Dear Angie: I am about to repipe my 23-year-old home, which has pin leaks in the copper piping. The installer recommends replacing my copper pipes with PEX, or cross-linked polyethylene flexible tubing. What are the pluses and minuses of PEX? I intend to sell the house in a few years, so I am concerned about it hurting resale value. — Mark H., Mission Viejo, Calif.
Dear Mark: If you haven't yet, it could be worth it to first check with a qualified plumber to see if the pin holes in your existing pipes can be repaired. If so, you could get another 23 years out of your copper pipes and save the cost of replacing them.
If it's a small area that's leaking, you could just replace that section with either PEX or copper. Both types are interchangeable.
If you do need to replace your existing pipes, PEX is certainly one of the more popular options, and for a number of reasons.

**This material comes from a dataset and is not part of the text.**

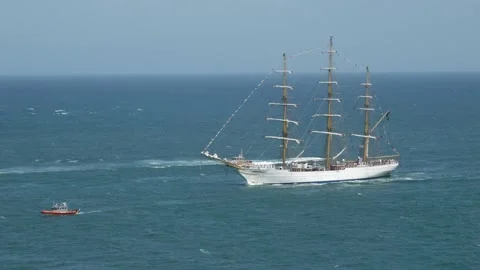 Tall ship CISNE BRANCO school/training sailboat Stock Footage 201902332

To start, PEX is easy to install because it's flexible. Your plumber can install it much faster than he or she could install rigid copper pipes. Second, PEX costs less than copper. Coupled with the quicker installation, the savings over installing copper pipes can be significant. Also, PEX pipes don't corrode like copper and aren't susceptible to freezing.
If there's a drawback to PEX, it's that it doesn't have the proven history that copper has exhibited. Copper pipes have been around for centuries. In residential settings, it's not uncommon for them to last 50 years or more. PEX, by contrast, has been used in U.S. residential plumbing for only the past 30 years or so. It is approved in all 50 states, but California OK'd it only a few years ago for use there. Because of that, some homeowners might still prefer copper.

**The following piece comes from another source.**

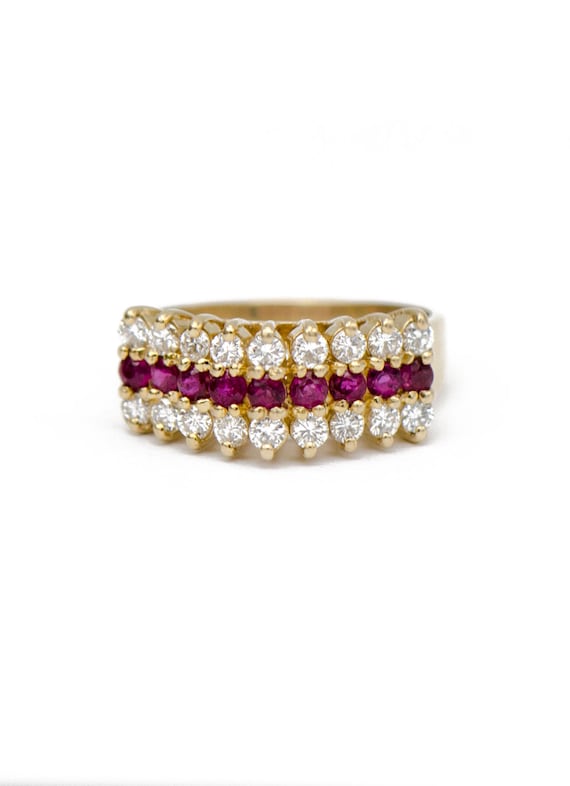 14k Yellow Gold Diamond & Rubellite Ring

PEX can also be susceptible to damage from ultraviolet rays from the sun. If it has to be installed outside the home, be sure to talk to your plumber about how he or she plans to protect it.
If you're concerned about how it will impact the resale value of your home, talk to your real estate agent about your plans to change out your pipes. Ask his or her advice on what other homes in the area have and if prospective buyers have shown a preference for one pipe type over the other. Chances are, your buyer isn't going to be too concerned with the type of piping you have.
Whatever you decide, be sure your plumber is licensed to do the work and check with your local building authority to see if he or she will need to pull permits to do the job. Be sure to ask how long the warranty is and if your plumber is certified to work with that product. Plumbers working with PEX should be certified by the product manufacturer. Should the product not be installed in accordance with the manufacturer's installation instructions, they could void the warranty.